Sunday, October 21, 2007

Now vomit is a special word.

When I was young, I remembered my mother sent me to countless Compo classes. I don't hate it, unless of course my teacher picks my compo because it has a very bad grammar error, and then shares it with the whole class.

Of course, in order to 'save some face' for the particular student, she chose not to disclose the name of that student, which she should have known, didn't help much.

The class was small, and within the next 5 minutes, the entire class knew who was the student who made that error.

That was, I guess, a sure enough way to make the affected student NEVER to commit that same grammatical mistake ever again for the rest of his entire life.

Some of my more memorable compo was written back when I was in primary school, and is about 'my' grandmother (in the compo, that is) being robbed. Though that compo was in mandarin, and my teacher gave me an A for that, it was, to the amusement of my entire family because my maternal grandmother had a knack for displaying her gold jewellery to the general public.

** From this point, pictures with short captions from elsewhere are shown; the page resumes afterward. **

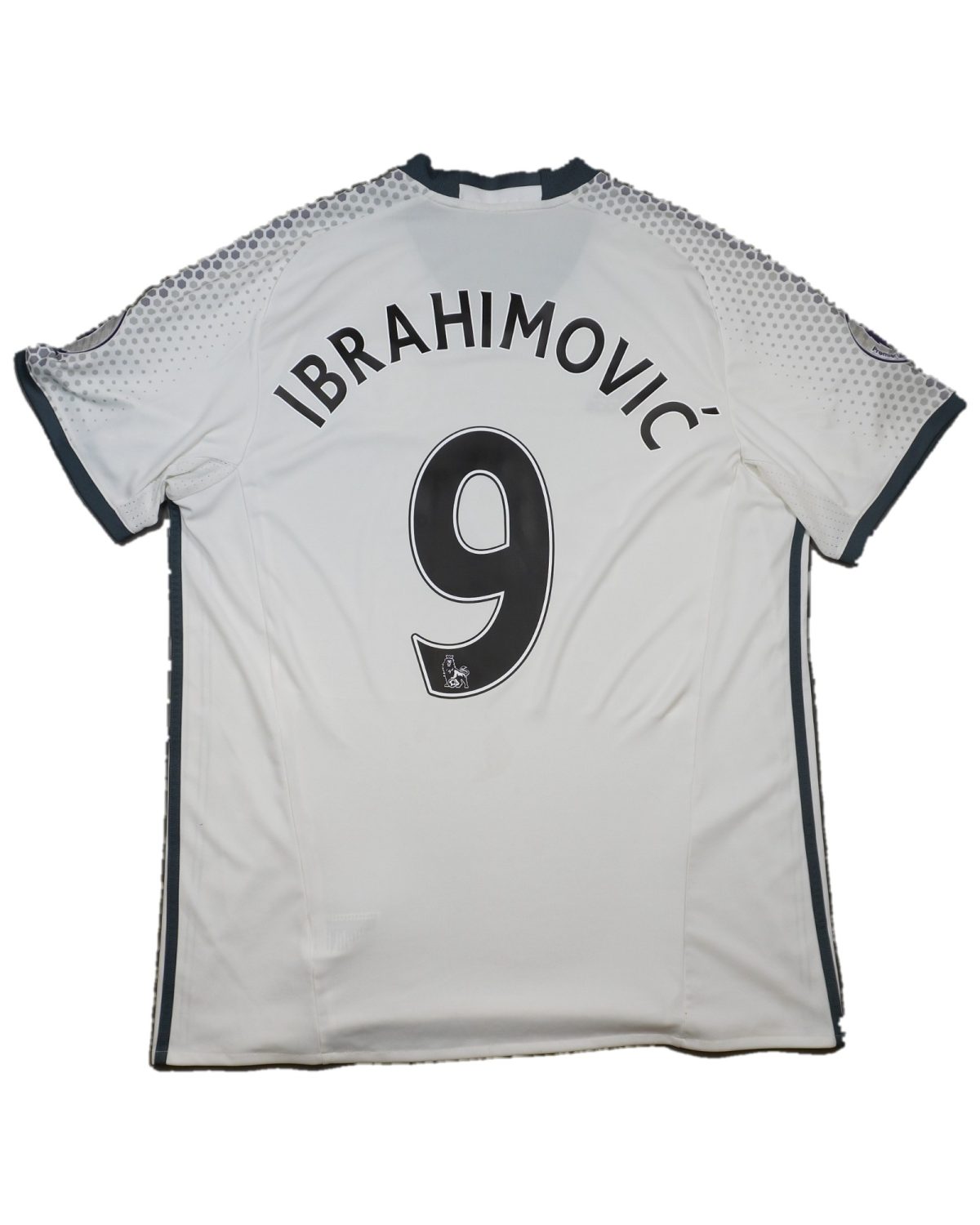 2016/2017 Manchester United Tredje Ibrahimovic Fotballdrakt – (XL) 7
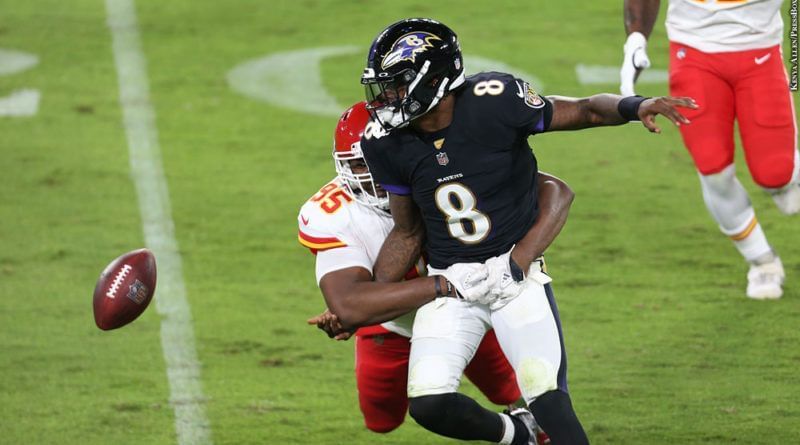 Baltimore Ravens vs. Kansas City Chiefs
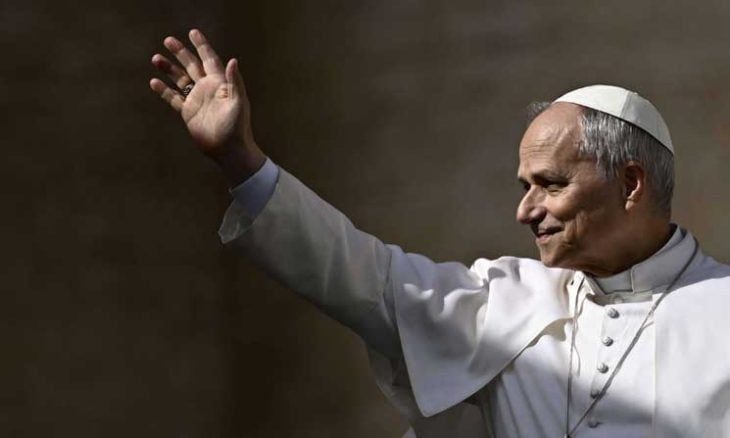 بابا الفاتيكان يرد على ترامب: قلب الله ليس مع المتسلطين والمتكبرين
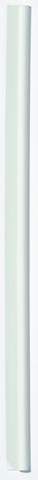 Klemmschiene Durable 2900 A4 f. ca. 30 Blatt weiß VE=100 St.
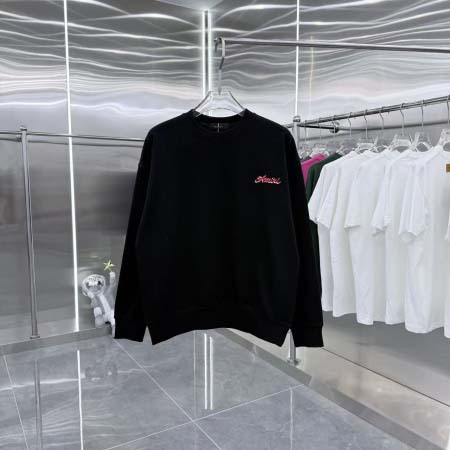 2025年11月4日秋冬新作AMIスウェット高品質人気商品/...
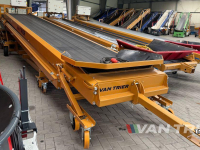 Convoyeur duo télescopique Van Trier DB 2-800-100 Duoband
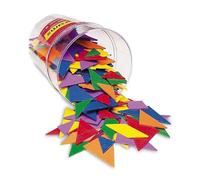 Learning Resources Four-Colour Tangrams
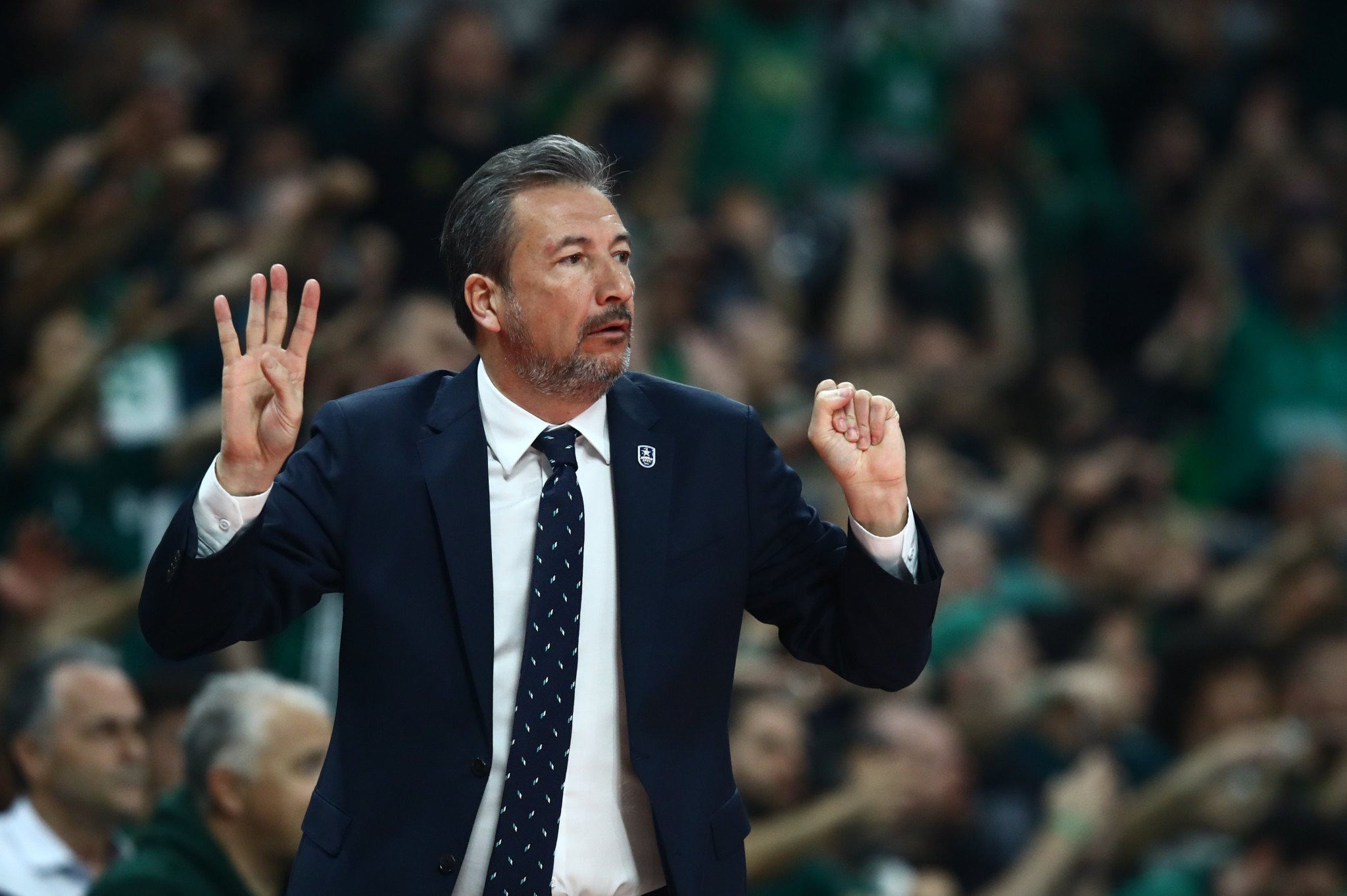 Ο Λούκα Μπάνκι μίλησε για την Αρμάνι: «Δεν υπήρχαν οι προϋποθέσεις για να συμβεί αυτό»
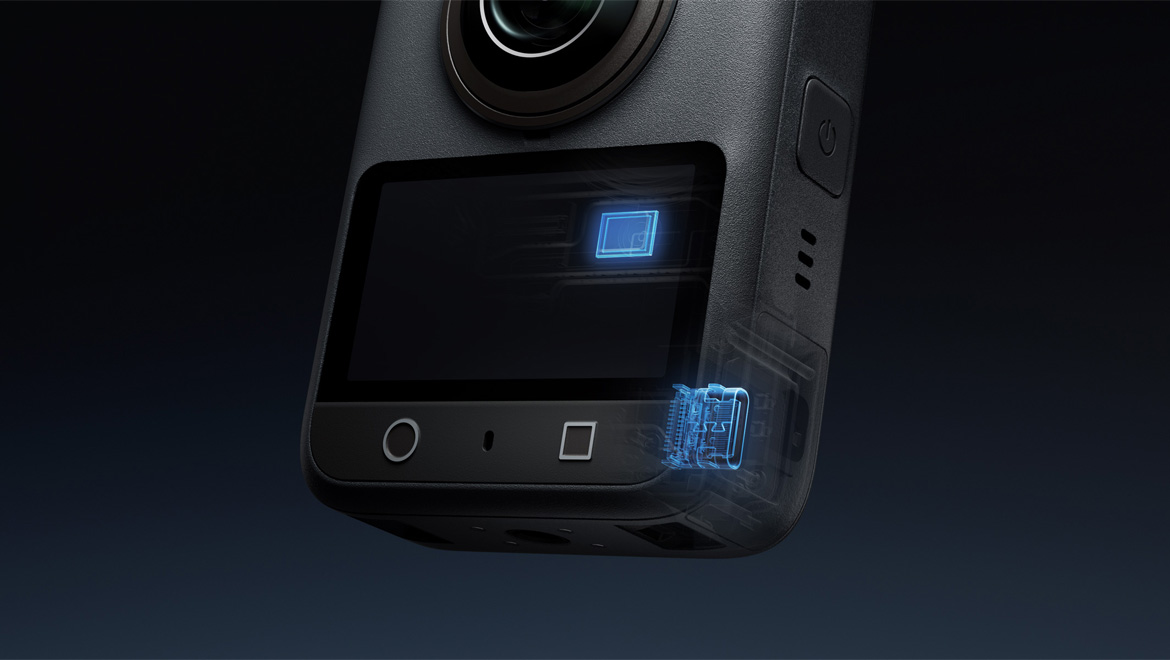 DJI Osmo 360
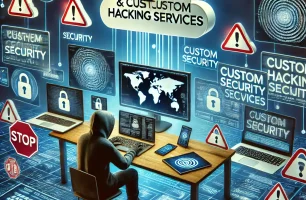 Exploitation & Custom Hacking Services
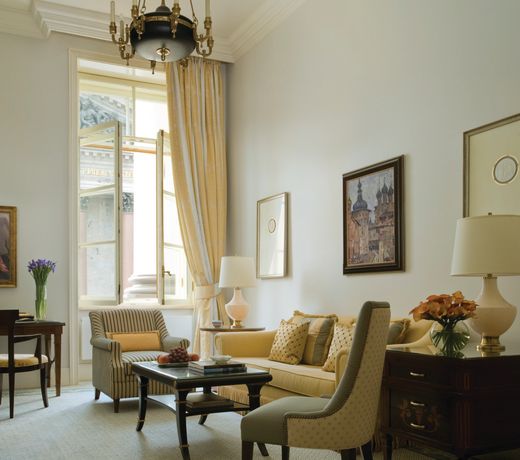 Four Seasons Hotel Lion Palace St. Petersburg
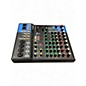 Used Yamaha MG10XU 10 Channel Mixer with Effects Unpowered Mixer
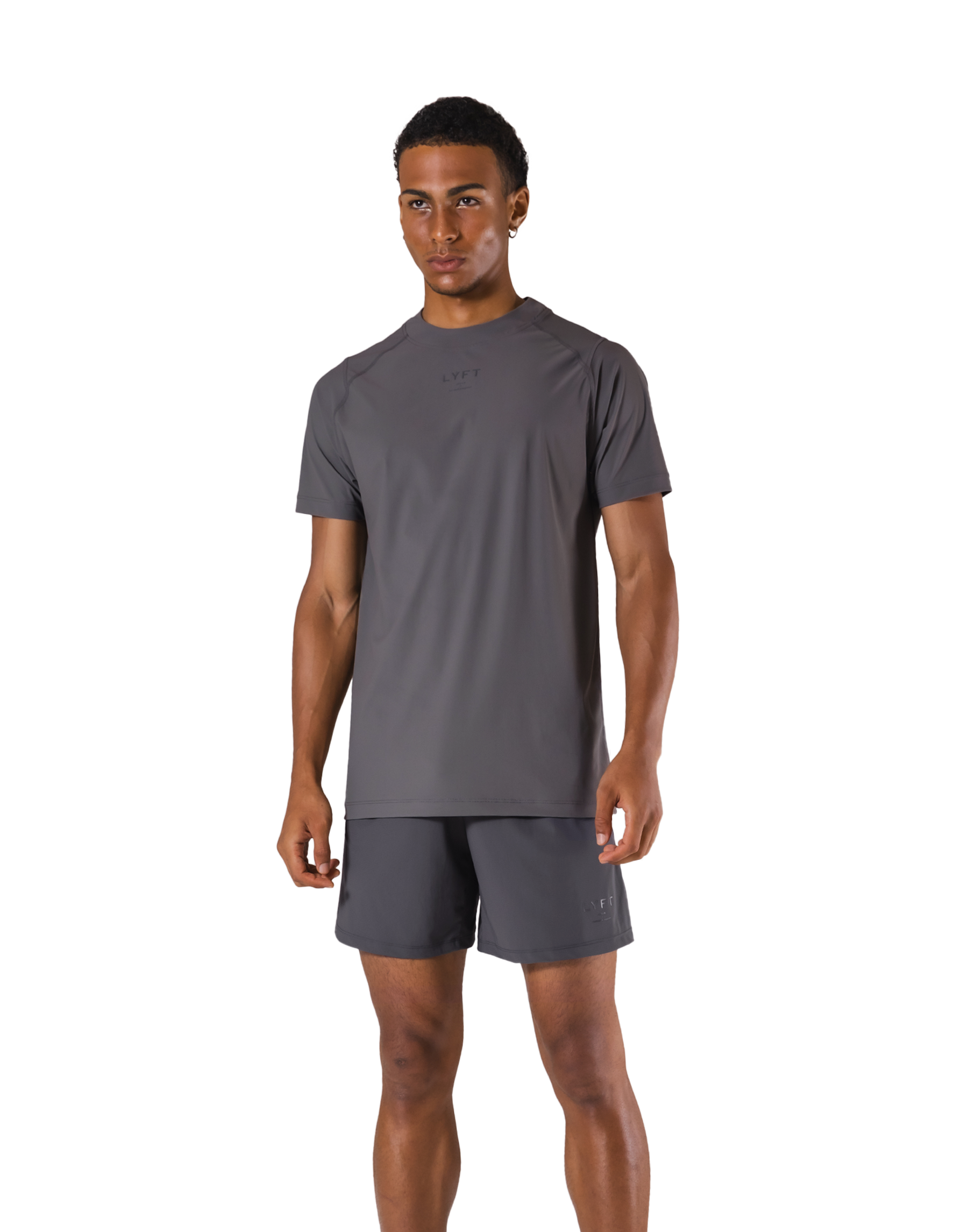 LYFT Tシャツ ネイビー LYFT(リフト/T-シャツ)STANDARD T-SHIRT - Navy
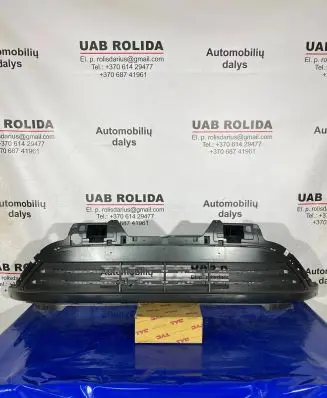 Hyundai Kona I Front bumper lip 86561DDAA0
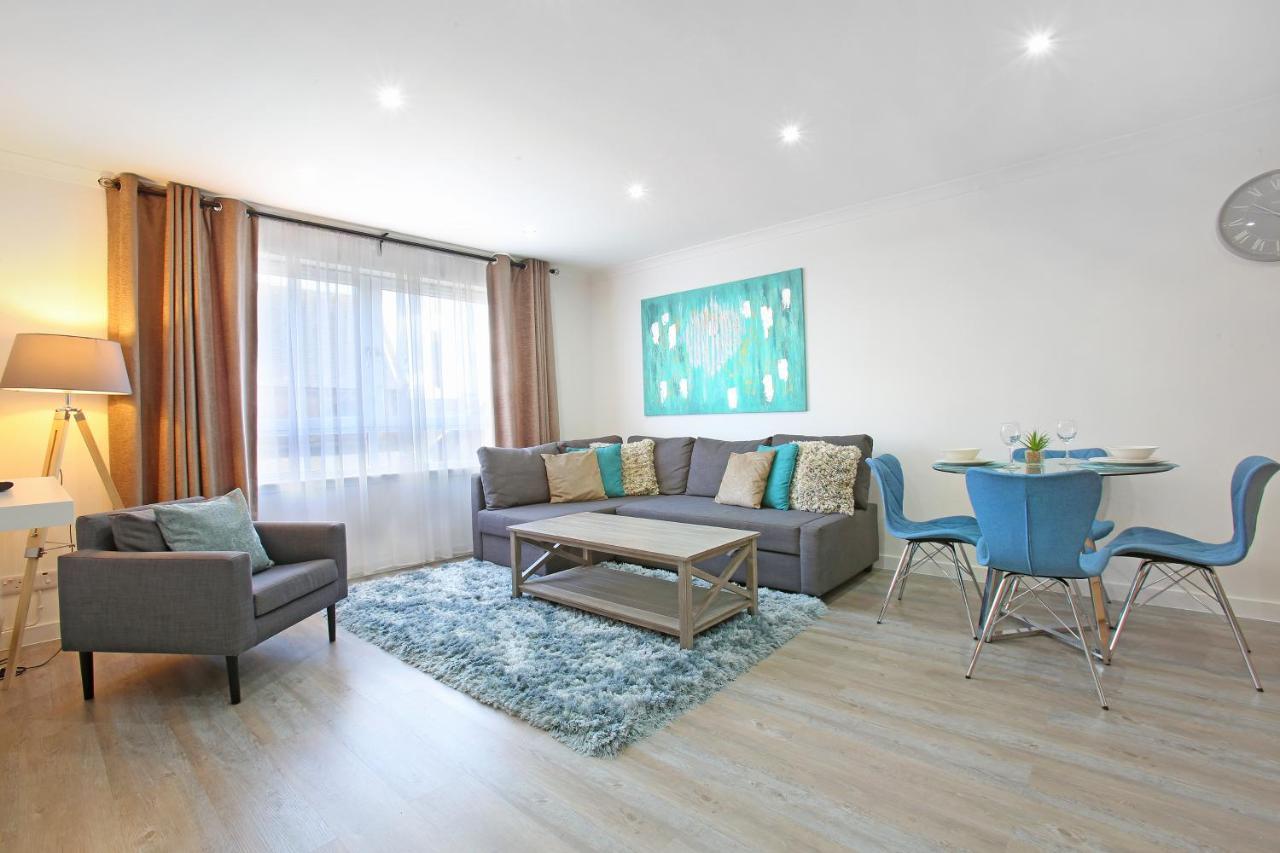 Vkm Apartment Glasgow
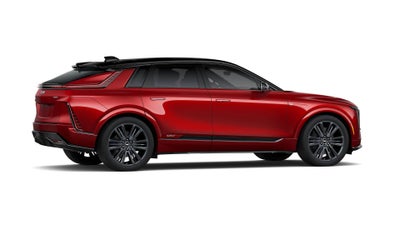 2027 Cadillac LYRIQ V-Series Premium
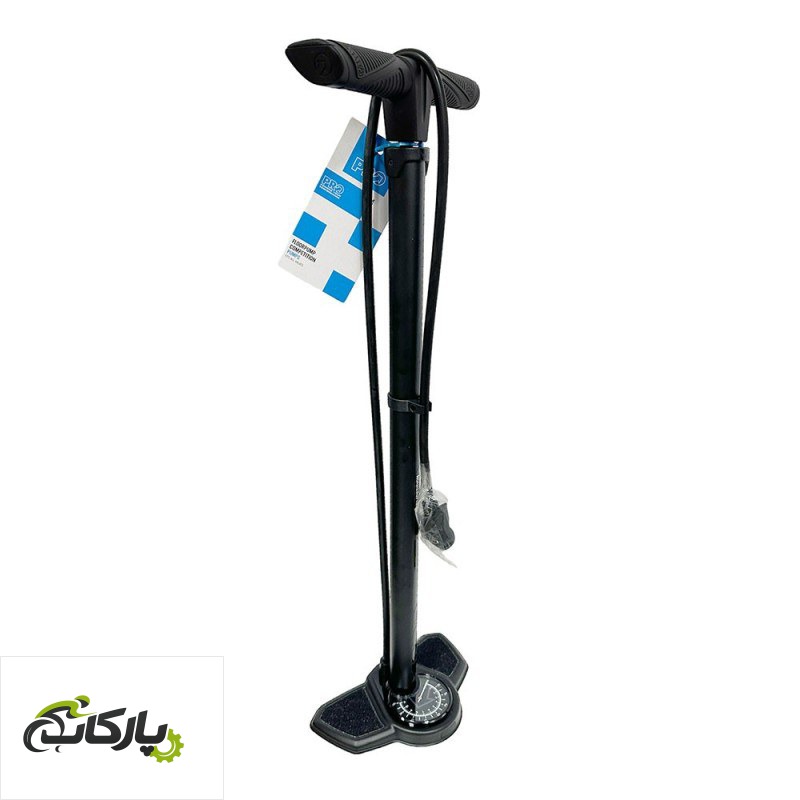 تلمبه زمینی دوچرخه پرو مدل FLOORPUMP COMPETITIONجدید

I think after I wrote that story, she toned down ever since.

SO, what I was trying to say is that after all that millions of compositions I wrote during class, and out of class for those extra lessons mum sent me to, I actually discovered one day, when I was in Primary 5 or 6, that I don't know how to spell the word Vomit.

It was a word that I had really hoped not to associate with, because it would signify that I would be in for a terrible time.

I hadn't vomitted in a long time. It goes by frequency of years. On average, I guess, I vomited once every 3 years or so. This would only happen because of a very major stomach upset.

We have a colleague at work that I want to talk about. We went to eat buffet recently and everyone was ALWAYS making fun of her and her eating. Boy could she eat. You would be surprised at how slim she is and how much she could eat (or so I heard), because when we went to that buffet (Cuisine Bowl at Suntec), she didn't eat alot. But then again, that was due to us sitting SO FAR away from the food tables. In fact we had to walk in and out of the shop just to get to the food!!!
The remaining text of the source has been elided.